Exercise
Please print the line that holds "App 27 - Strandlage * Sierksdorf" and each line after it to the end of the data, word for word, without any pictures.

Supplied information

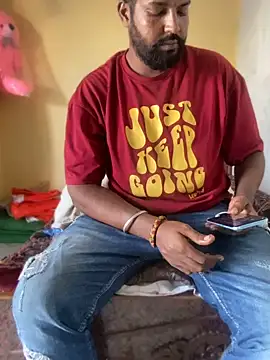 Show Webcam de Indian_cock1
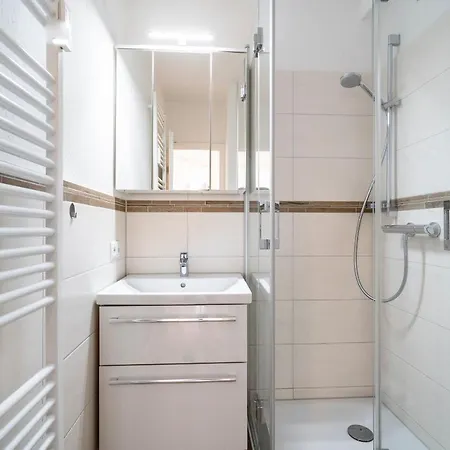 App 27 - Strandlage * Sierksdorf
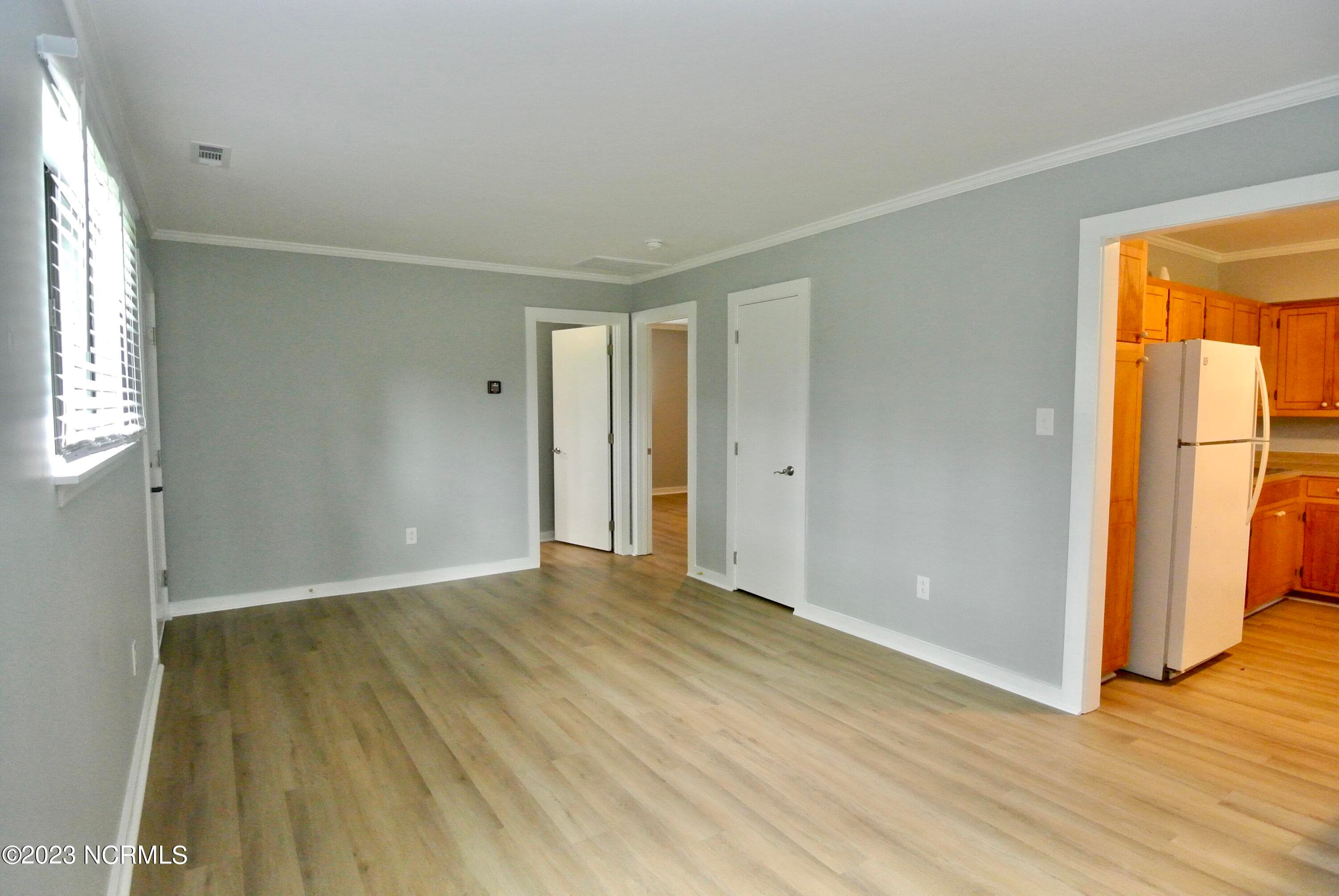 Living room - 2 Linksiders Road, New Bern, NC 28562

Task output
 App 27 - Strandlage * Sierksdorf
 Living room - 2 Linksiders Road, New Bern, NC 28562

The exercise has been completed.